将NodeStageVolume方法中的staging path,mount到target path。

NodeStageVolume将rbd image map到dnode上成为device后,随即将device mount到了一个staging path。

NodePublishVolume将stagingPath mount到target path。

stagingPath示例:
/home/cld/kubernetes/lib/kubelet/plugins/kubernetes.io/csi/pv/pvc-14ee5002-9d60-4ba3-a1d2-cc3800ee0893/globalmount/0001-0024-0bba3be9-0a1c-41db-a619-26ffea20161e-0000000000000004-1699e662-e83f-11ea-8e79-246e96907f74  

targetPath示例:
/home/cld/kubernetes/lib/kubelet/pods/c14de522-0679-44b6-af8b-e1ba08b5b004/volumes/kubernetes.io~csi/pvc-14ee5002-9d60-4ba3-a1d2-cc3800ee0893/mount
NodePublishVolume

主体流程:

(1)校验请求参数;

(2)检查target path是否存在,不存在则创建;

(3)将staging path挂载到target path。

//ceph-csi/internal/rbd/nodeserver.go

func (ns *NodeServer) NodePublishVolume(ctx context.Context, req *csi.NodePublishVolumeRequest) (*csi.NodePublishVolumeResponse, error) {
    err := util.ValidateNodePublishVolumeRequest(req)
    if err != nil {
        return nil, err
    }
    targetPath := req.GetTargetPath()
    isBlock := req.GetVolumeCapability().GetBlock() != nil
    stagingPath := req.GetStagingTargetPath()
    volID := req.GetVolumeId()
    stagingPath += "/" + volID

    if acquired := ns.VolumeLocks.TryAcquire(volID); !acquired {
        klog.Errorf(util.Log(ctx, util.VolumeOperationAlreadyExistsFmt), volID)
        return nil, status.Errorf(codes.Aborted, util.VolumeOperationAlreadyExistsFmt, volID)
    }
    defer ns.VolumeLocks.Release(volID)

    // Check if that target path exists properly
    notMnt, err := ns.createTargetMountPath(ctx, targetPath, isBlock)
    if err != nil {
        return nil, err
    }

    if !notMnt {
        return &csi.NodePublishVolumeResponse{}, nil
    }

    // Publish Path
    err = ns.mountVolume(ctx, stagingPath, req)
    if err != nil {
        return nil, err
    }

    util.DebugLog(ctx, "rbd: successfully mounted stagingPath %s to targetPath %s", stagingPath, targetPath)
    return &csi.NodePublishVolumeResponse{}, nil
}
1.ValidateNodePublishVolumeRequest

ValidateNodePublishVolumeRequest主要是校验部分请求参数,校验volume capability/volume ID/target path/staging target path不能为空。

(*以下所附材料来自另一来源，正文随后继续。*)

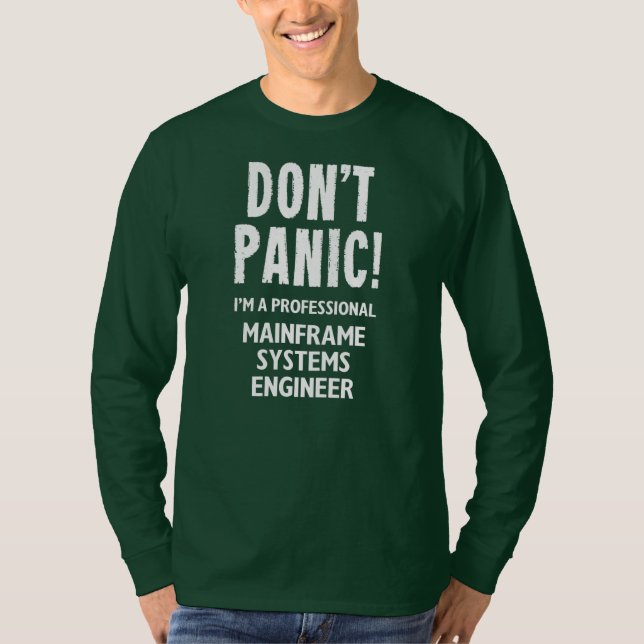 Mainframe Systems Engineer  T-Shirt (Front)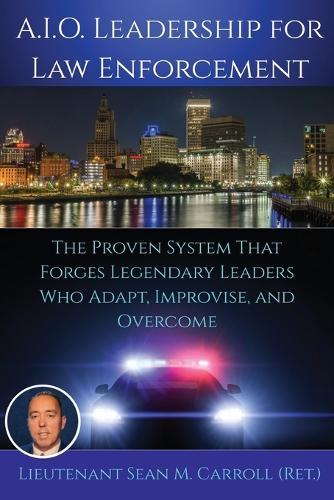 A.I.O. Leadership for Law Enforcement: The Proven System That Forges Legendary Leaders Who Adapt, Improvise, and Overcome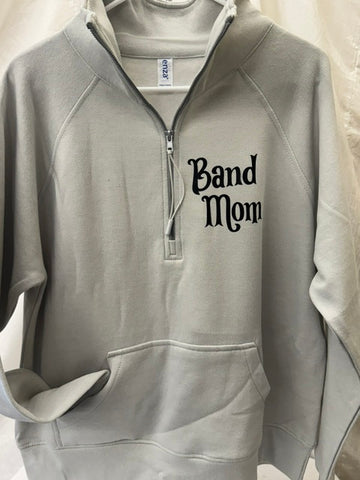 Band Mom 1/2 Zip Sweatshirt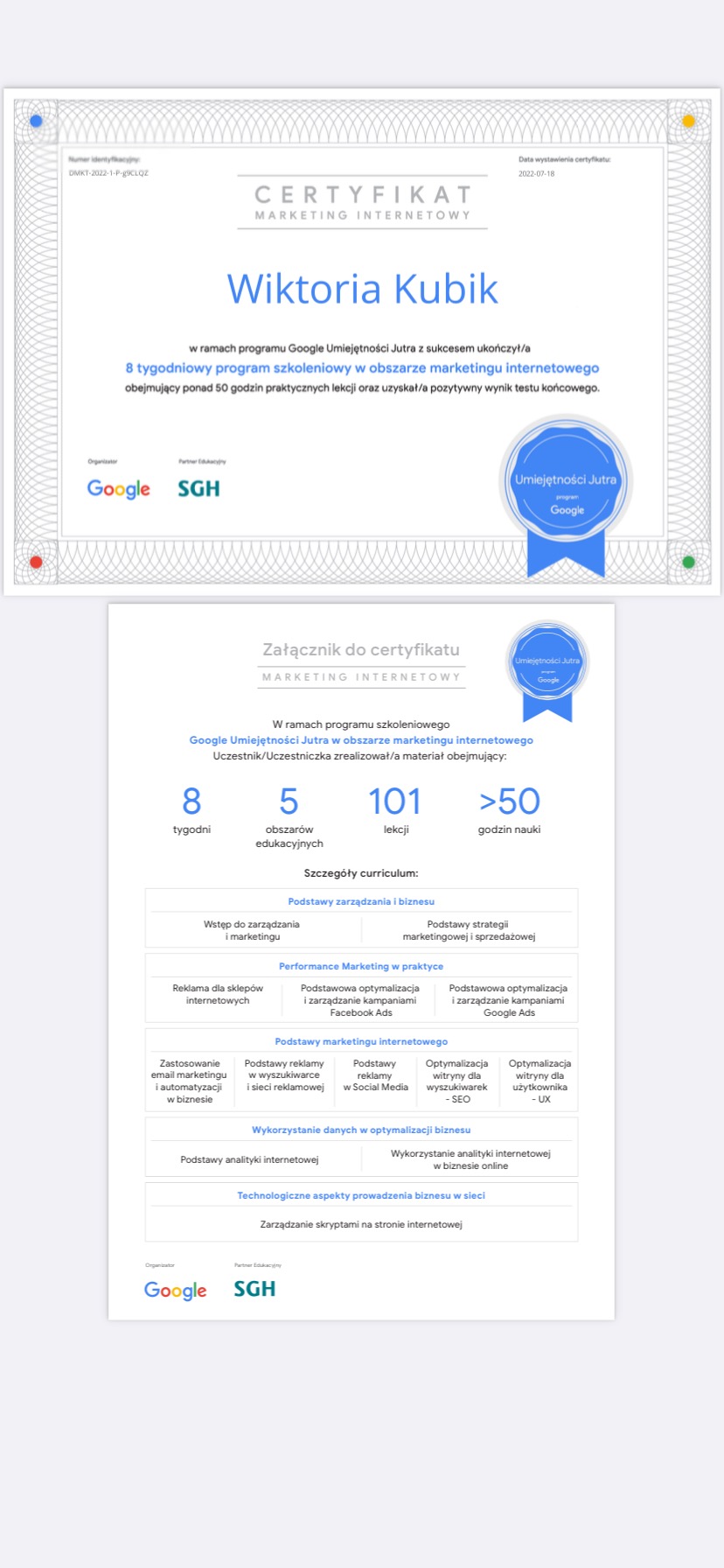 Skan certyfikatu ukończenia programu Google Umiejętności Jutra w zakresie marketingu internetowego, wystawionego dla Wiktorii Kubik, z wyszczególnionym curriculum obejmującym podstawy zarządzania...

//ceph-csi/internal/util/validate.go

func ValidateNodePublishVolumeRequest(req *csi.NodePublishVolumeRequest) error {
    if req.GetVolumeCapability() == nil {
        return status.Error(codes.InvalidArgument, "volume capability missing in request")
    }

    if req.GetVolumeId() == "" {
        return status.Error(codes.InvalidArgument, "volume ID missing in request")
    }

    if req.GetTargetPath() == "" {
        return status.Error(codes.InvalidArgument, "target path missing in request")
    }

    if req.GetStagingTargetPath() == "" {
        return status.Error(codes.InvalidArgument, "staging target path missing in request")
    }

    return nil
}
2.createTargetMountPath

createTargetMountPath主要是检查mount path是否存在,不存在则创建

//ceph-csi/internal/rbd/nodeserver.go

func (ns *NodeServer) createTargetMountPath(ctx context.Context, mountPath string, isBlock bool) (bool, error) {
    // Check if that mount path exists properly
    notMnt, err := mount.IsNotMountPoint(ns.mounter, mountPath)
    if err != nil {
        if os.IsNotExist(err) {
            if isBlock {
                // #nosec
                pathFile, e := os.OpenFile(mountPath, os.O_CREATE|os.O_RDWR, 0750)
                if e != nil {
                    util.DebugLog(ctx, "Failed to create mountPath:%s with error: %v", mountPath, err)
                    return notMnt, status.Error(codes.Internal, e.Error())
                }
                if err = pathFile.Close(); err != nil {
                    util.DebugLog(ctx, "Failed to close mountPath:%s with error: %v", mountPath, err)
                    return notMnt, status.Error(codes.Internal, err.Error())
                }
            } else {
                // Create a directory
                if err = util.CreateMountPoint(mountPath); err != nil {
                    return notMnt, status.Error(codes.Internal, err.Error())
                }
            }
            notMnt = true
        } else {
            return false, status.Error(codes.Internal, err.Error())
        }
    }
    return notMnt, err
}
3.mountVolume

mountVolume主要是拼凑mount命令,将staging path挂载到target path

//ceph-csi/internal/rbd/nodeserver.go

func (ns *NodeServer) mountVolume(ctx context.Context, stagingPath string, req *csi.NodePublishVolumeRequest) error {
    // Publish Path
    fsType := req.GetVolumeCapability().GetMount().GetFsType()
    readOnly := req.GetReadonly()
    mountOptions := []string{"bind", "_netdev"}
    isBlock := req.GetVolumeCapability().GetBlock() != nil
    targetPath := req.GetTargetPath()

    mountOptions = csicommon.ConstructMountOptions(mountOptions, req.GetVolumeCapability())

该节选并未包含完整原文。